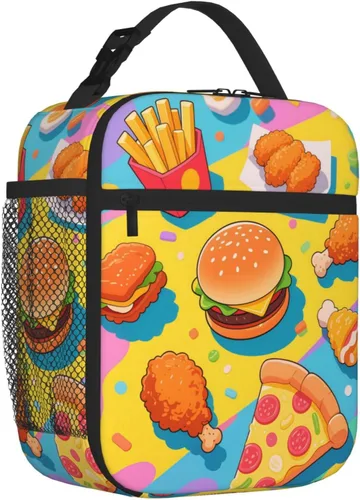 Miniatura 17 de Bolsa de almuerzo divertida para niños con pelotas deportivas, bolsa reutilizable para baloncesto, fútbol, fútbol americano y béisbol, lonchera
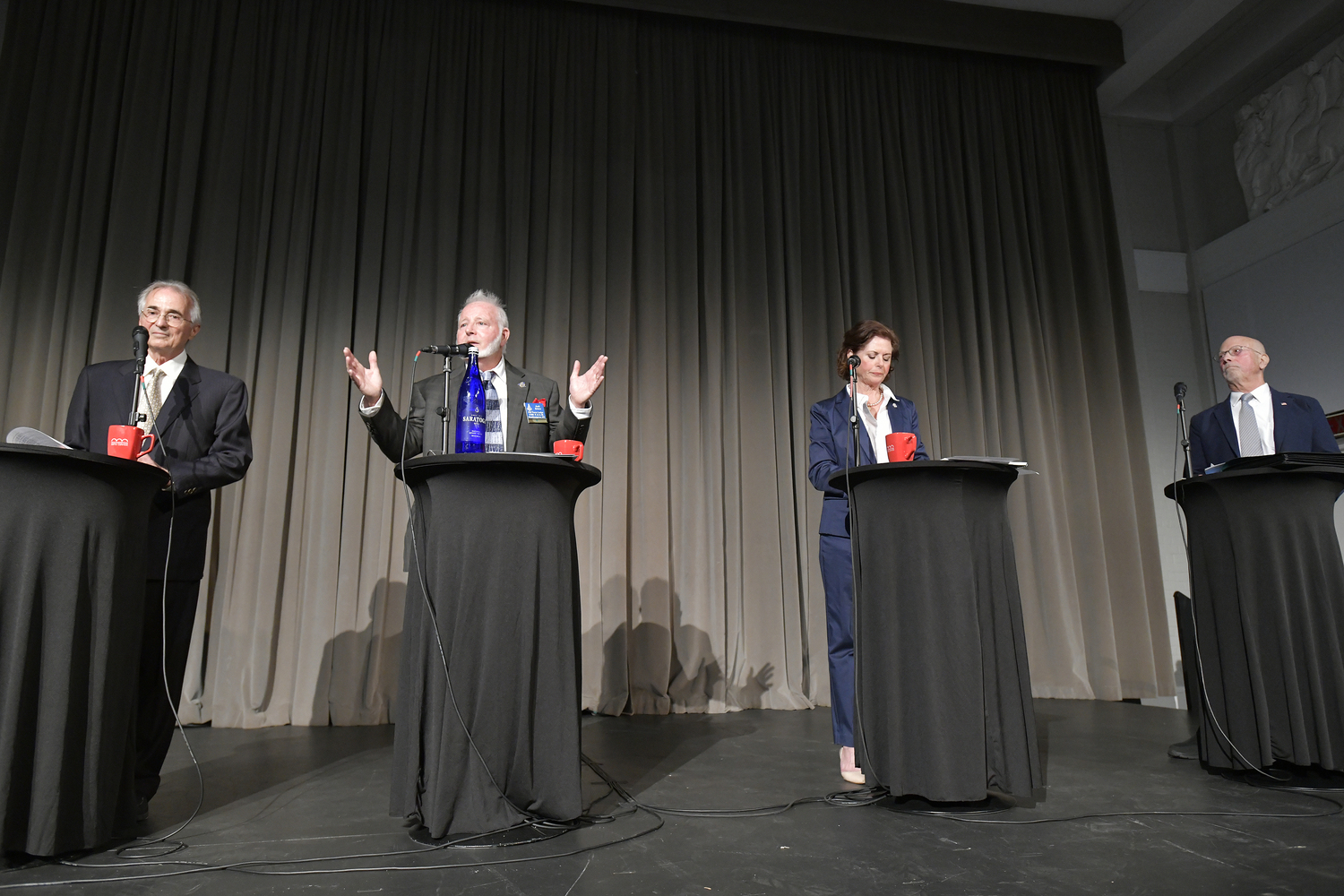 Candidates for Southampton Village Trustee debate on June 6 at the Southampton Arts Center.  DANA SHAW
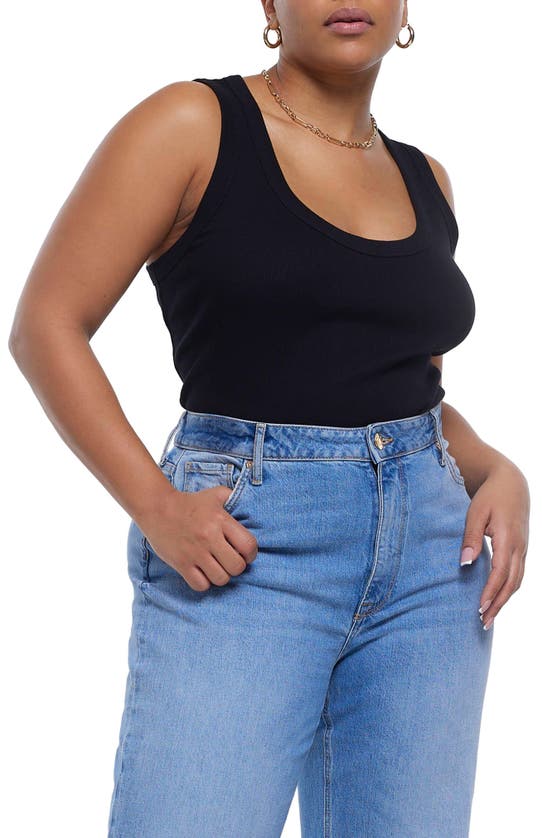 Shop River Island Scoop Neck Cotton Tank In Black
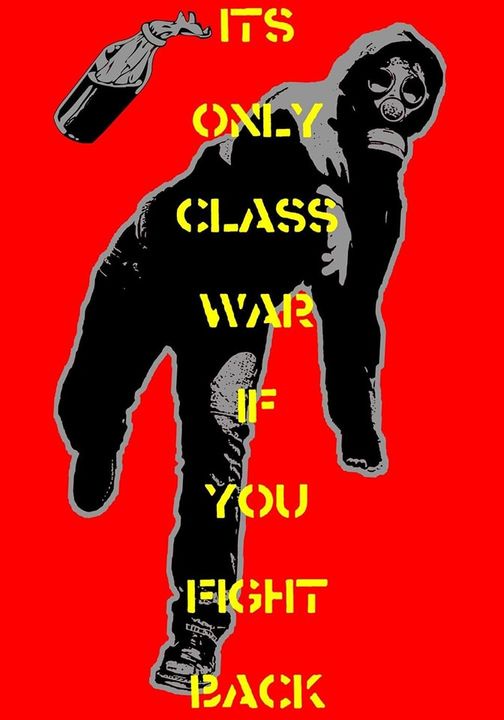 A black silhouette of a person wearing a gas mask and holding a Molotov cocktail against a bright red background. Yellow…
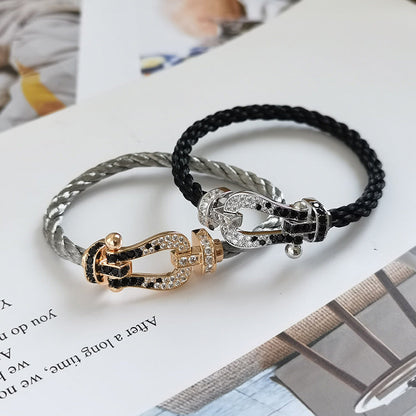 [Max Jewelry ]FORCE LARGE HORSESHOE BLACK WHITE DIAMOND BRACELET ROSE GOLD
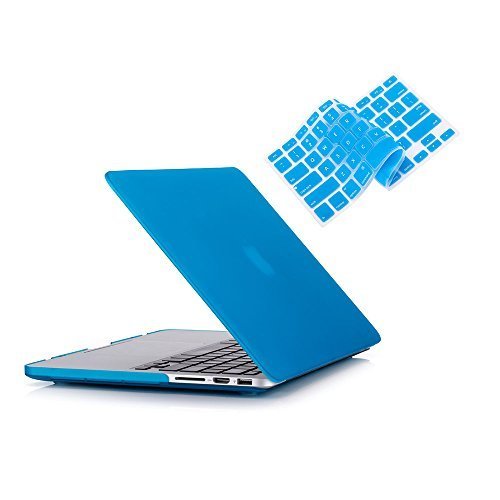Durable Plastic Hard Shell Case & Keyboard Cover for MacBook Pro 13 inch (2012-2015 Models A1502 & A1425) - Light Blue | Protective Cover for Old Version MacBook Pro Retina 13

[PROBLEM STATEMENT]
The answer is the complete set of records, copied exactly, with pictures omitted.

[EXERCISE RESULT]
 Miniatura 17 de Bolsa de almuerzo divertida para niños con pelotas deportivas, bolsa reutilizable para baloncesto, fútbol, fútbol americano y béisbol, lonchera
 Candidates for Southampton Village Trustee debate on June 6 at the Southampton Arts Center.  DANA SHAW
 Shop River Island Scoop Neck Cotton Tank In Black
 A black silhouette of a person wearing a gas mask and holding a Molotov cocktail against a bright red background. Yellow…
 [Max Jewelry ]FORCE LARGE HORSESHOE BLACK WHITE DIAMOND BRACELET ROSE GOLD
Durable Plastic Hard Shell Case & Keyboard Cover for MacBook Pro 13 inch (2012-2015 Models A1502 & A1425) - Light Blue | Protective Cover for Old Version MacBook Pro Retina 13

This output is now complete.